A Timeline of Dithering
The Carter administration, on whose watch the Islamic Republic took root, vacillated between appeasement of the new Iranian regime and complete political disengagement from it. Jimmy Carter's successor, Ronald Reagan, made isolation of Iran the official U.S. policy but did not seek to promote change there as he did within the Soviet Union's "evil empire." To the contrary, efforts to secure the release of American hostages in Lebanon even led Washington to embark upon an ill-fated plan to sell arms secretly to Iran's ayatollahs.
The collapse of the Soviet Union had the effect of sidelining Iran as a foreign policy priority during the tenure of President George H. W. Bush. The Clinton administration took up the issue but quickly became paralyzed by internal divisions: Should it try to foster behavioral change within the ruling class or seek a more fundamental transformation of the regime itself? The George W. Bush administration seemed to bring a breath of fresh air. Its post-September 11 advocacy of a "forward strategy that favors freedom" fanned hopes among many that—in contrast to its predecessors—it would truly engage with pro-democracy forces within Iran. President Bush's calls for the Iranian leadership "to respect the will of its people and be accountable to them" also raised hopes.
In practice, however, the principles of the Bush doctrine did not extend as far as the Islamic Republic. For all its talk about Iranian democracy, the Bush White House offered only nominal aid to those seeking freedom and pluralism within the country. Between 2004 and 2008, it authorized a total of $215 million in funding for all diplomatic programs dealing with Iran. But only a small fraction of that sum—some $38.6 million—was dedicated specifically to democracy promotion. And even those paltry funds were, in the end, diluted by bureaucratic infighting that served to undermine their effectiveness.
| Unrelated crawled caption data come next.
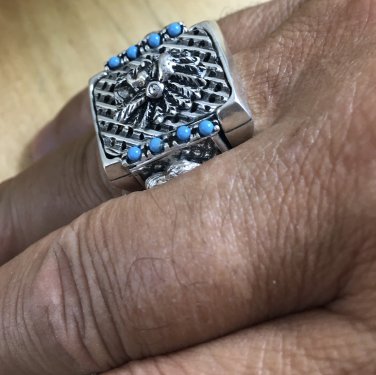 Artisan Made Native American Indian Chief Tourqoise Mens ring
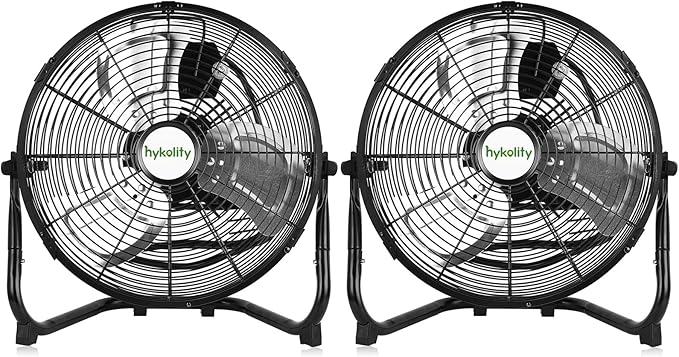 hykolity 1650 CFM 12" High Velocity Floor Fan, 3-Speed Powerful Airflow Fan, Heavy Duty Metal Fan with 180-Degree Tilt for Bedroom, Home, Residential Use, 2 Pack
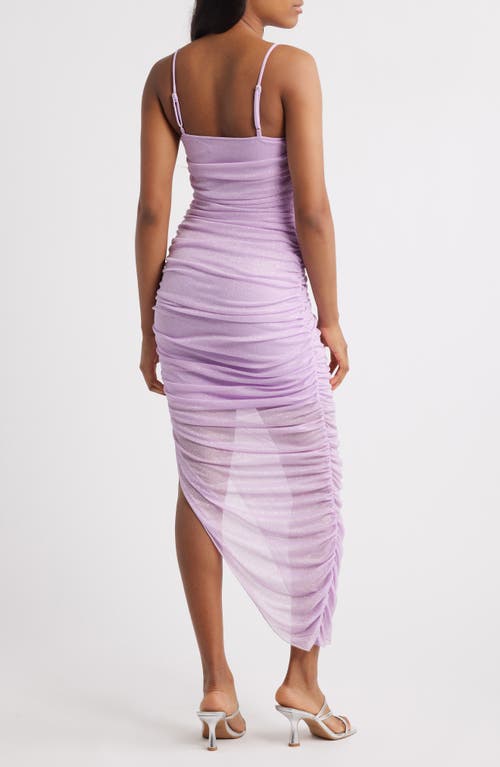 Jump Apparel Glitter Matte Ruched Jersey Dress In Lilac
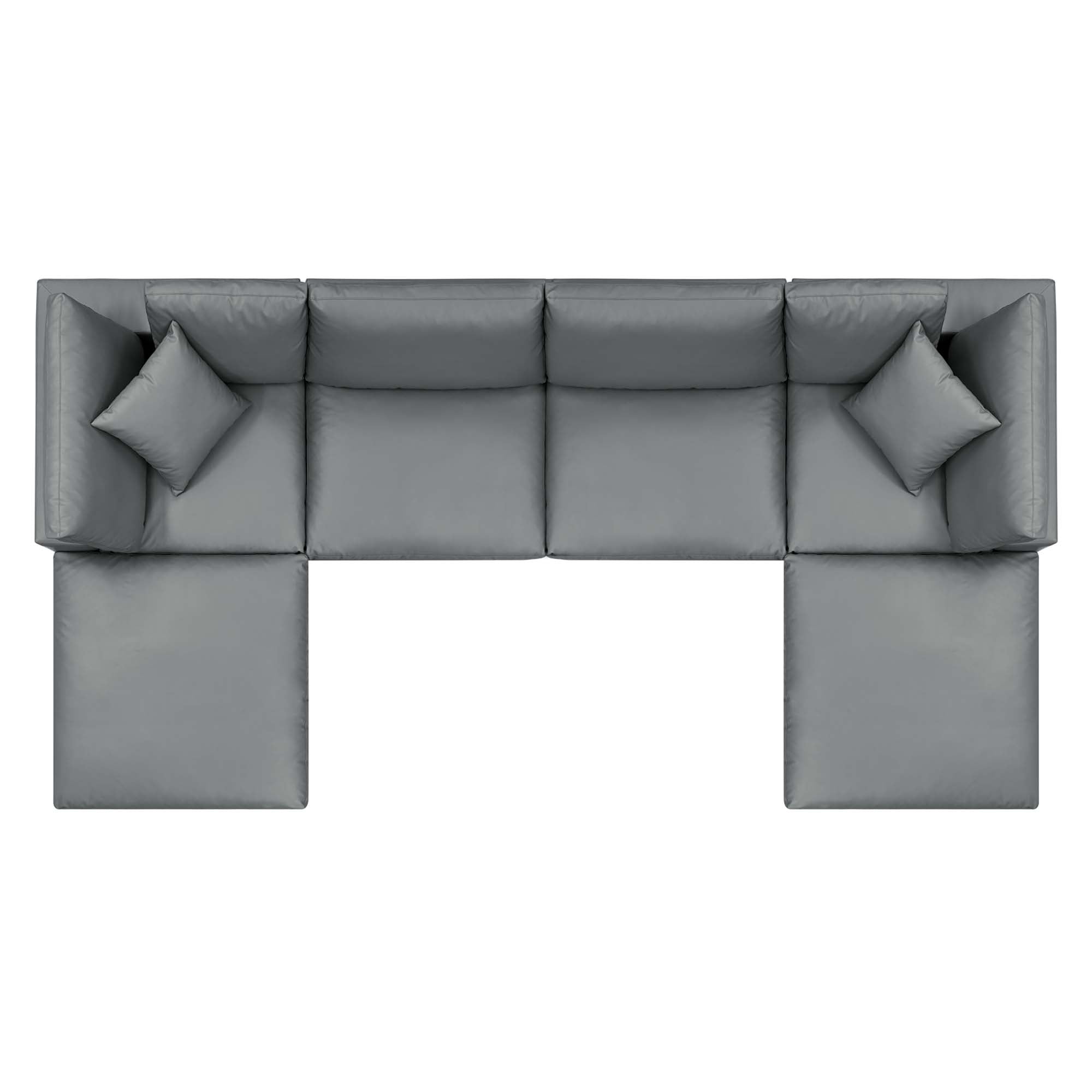 Commix 6-Piece Down Filled Overstuffed Performance Velvet Sectional Sofa by Modway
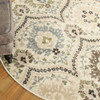 5' Round Ivory Gray and Olive Round Floral Stain Resistant Area Rug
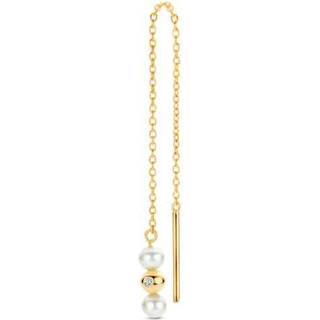 Spirit Icons Ophelia Hanger 14 Karat Guld Ørering med Perler og Brillant 0,0083 Carat W/VS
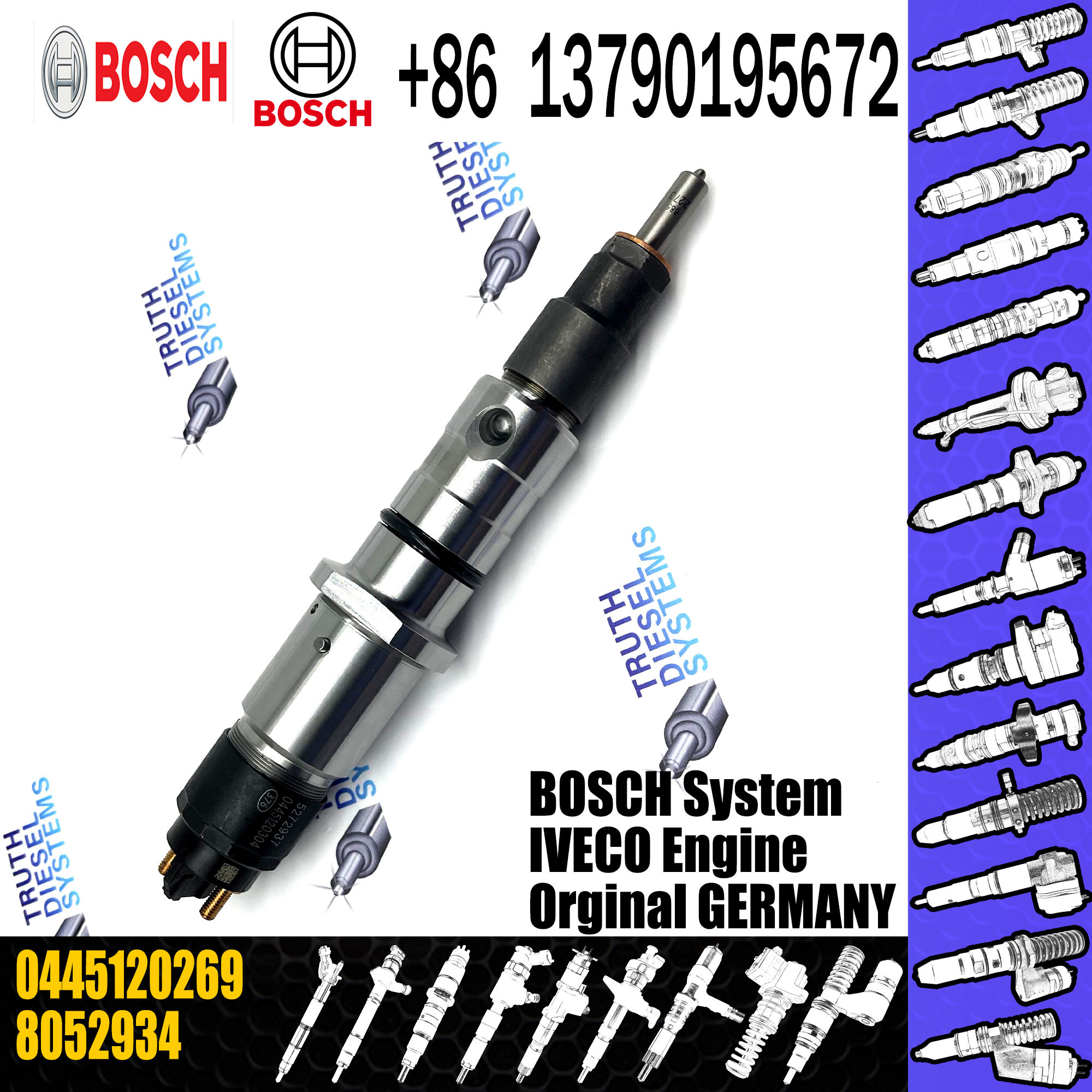 High quality diesel nozzle assembly pump injector 0445 120 269 0445120269 for common rail system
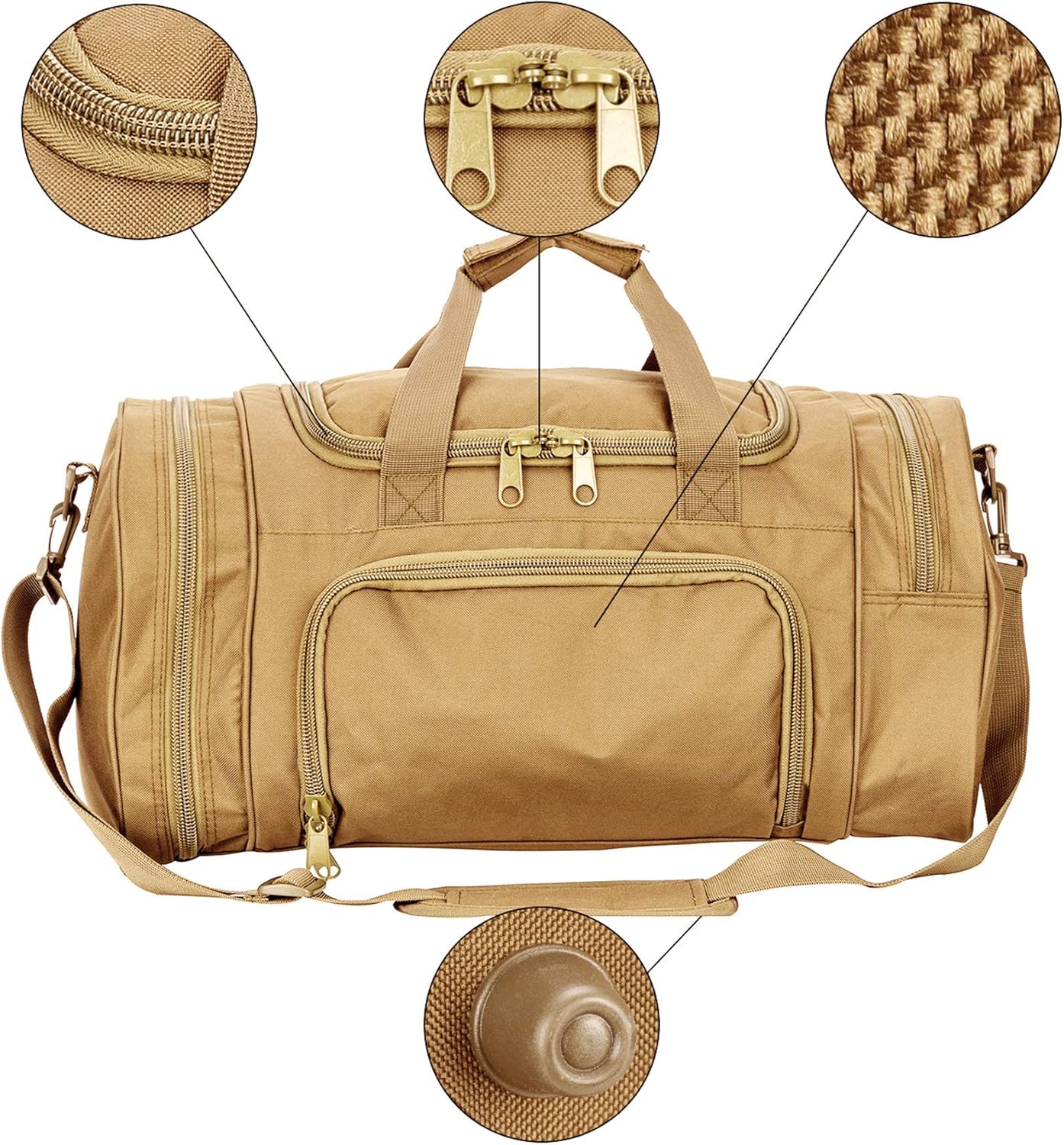 Gym Duffel Bag for Men Sports Duffel Bag with Shoe Compartment (TAN-Model A)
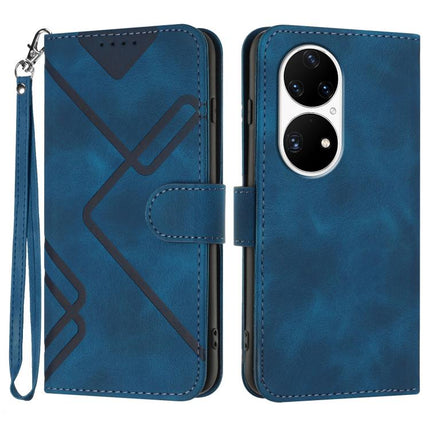 Line Pattern Skin Feel Leather Phone Case, For Huawei Enjoy 20e, For Huawei P50 Pro, For Huawei P50, For Huawei Enjoy 20 SE 4G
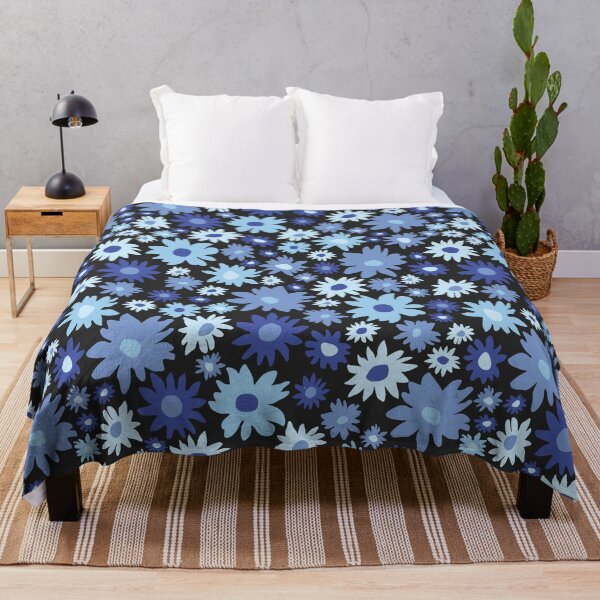 Item preview, RETRO GROOVY AND FUN FLOWERS BLACK AND BLUE designed and sold by blomastudios.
Since taking office, the Obama administration has done even less. Eager to break with the policy of its predecessors and to engage with Iran's leaders, the new White House systematically downgraded the idea of promoting pluralism within the Islamic Republic. It eliminated the State Department's Iran Democracy Fund, the central node for pro-democracy funding during the Bush years, folding it into a generic Near East Regional Democracy (NERD) Fund that lacks a clear direction or mandate. It cut off funding for the Iran Human Rights Documentation Center, a nongovernmental organization committed to chronicling the regime's human rights abuses. It likewise rolled back funding for a raft of other groups from nongovernmental organizations such as Freedom House to the U.S.-funded International Republican Institute, putting their Iran-related activities at risk. In the process, it has sent the unmistakable signal that the United States is no longer interested in seeking substantive change in the nature of the Iranian regime or its domestic behavior.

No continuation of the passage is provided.